> _DATA FOR PROCESSING_
-*-*-

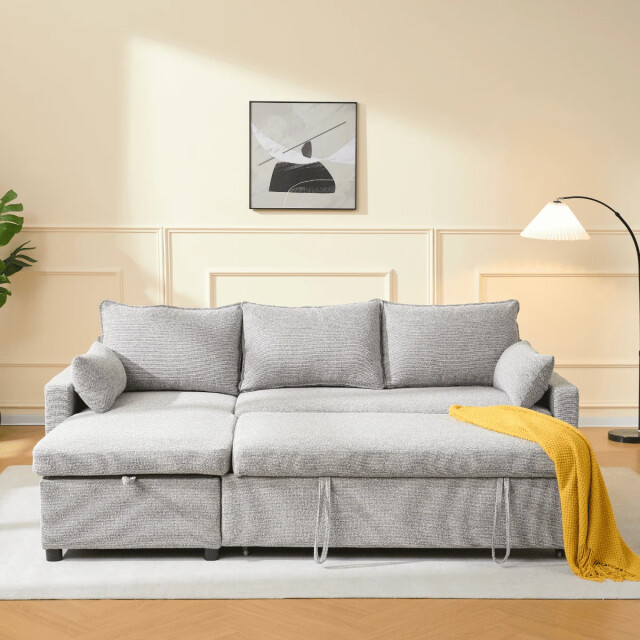 CaliCosy 3-zits slaapbank in stof met chaise longue l219 cm louison 3508816 large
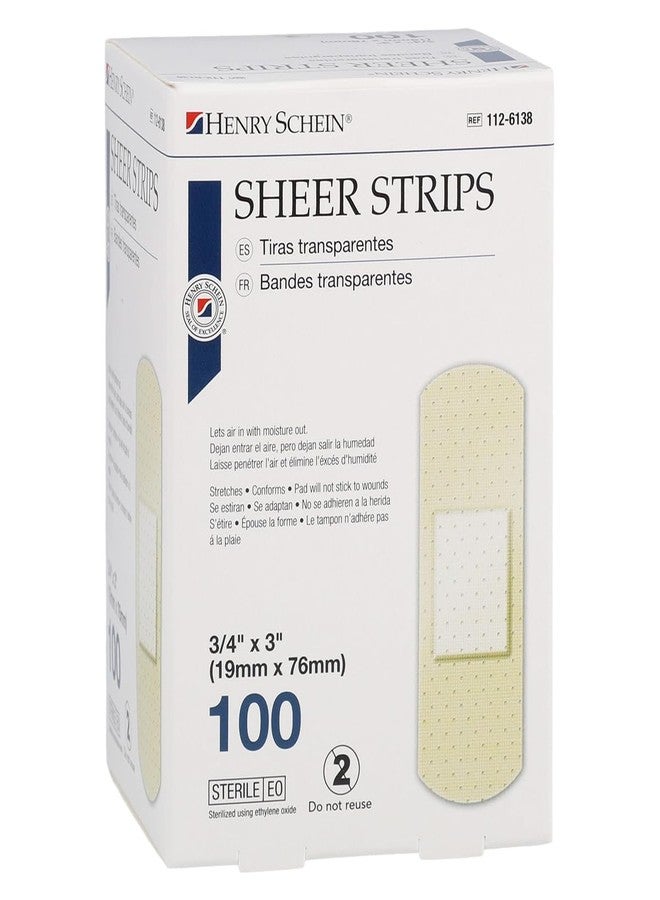 Henry Schein Adhesive Sheer Bandage Strips, 3/4" x 3", Sterile, Box of 100 Bandages - Image 1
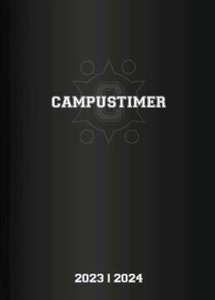 Campustimer Black - A6 Semester-Planer - Studenten-Kalender 2023/2024 - Notiz-Buch - schwarz - Weekly - Alpha Edition
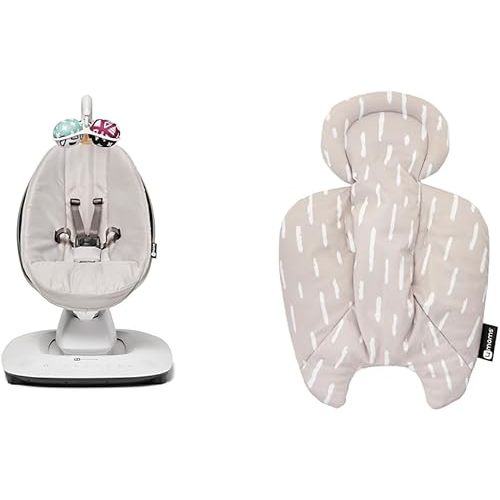 4moms MamaRoo Multi-Motion Baby Swing in Classic Grey with Plush Infant Insert, Sand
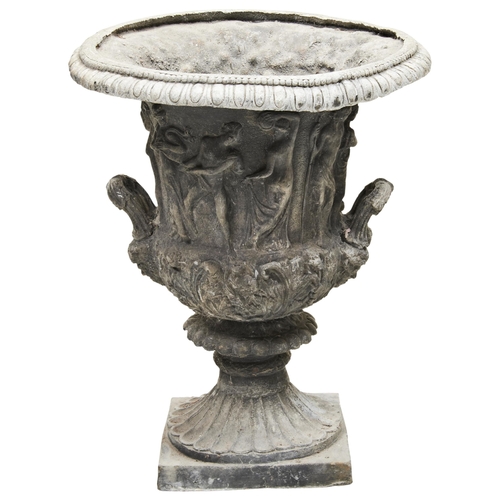 1838 - A 19TH CENTURY LEAD 'MEDICI URN' OF CAMPANA FORM WITH FIGURAL FRIEZE AND TWIN HANDLES UPON A SQUARE ...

-*-*-

> _YOUR GOAL_
Your answer must be an exact reproduction of all entries, containing no pictures.

> _ANSWER FOR THIS EXERCISE_
 CaliCosy 3-zits slaapbank in stof met chaise longue l219 cm louison 3508816 large
 Henry Schein Adhesive Sheer Bandage Strips, 3/4" x 3", Sterile, Box of 100 Bandages - Image 1
 Campustimer Black - A6 Semester-Planer - Studenten-Kalender 2023/2024 - Notiz-Buch - schwarz - Weekly - Alpha Edition
 4moms MamaRoo Multi-Motion Baby Swing in Classic Grey with Plush Infant Insert, Sand
 1838 - A 19TH CENTURY LEAD 'MEDICI URN' OF CAMPANA FORM WITH FIGURAL FRIEZE AND TWIN HANDLES UPON A SQUARE ...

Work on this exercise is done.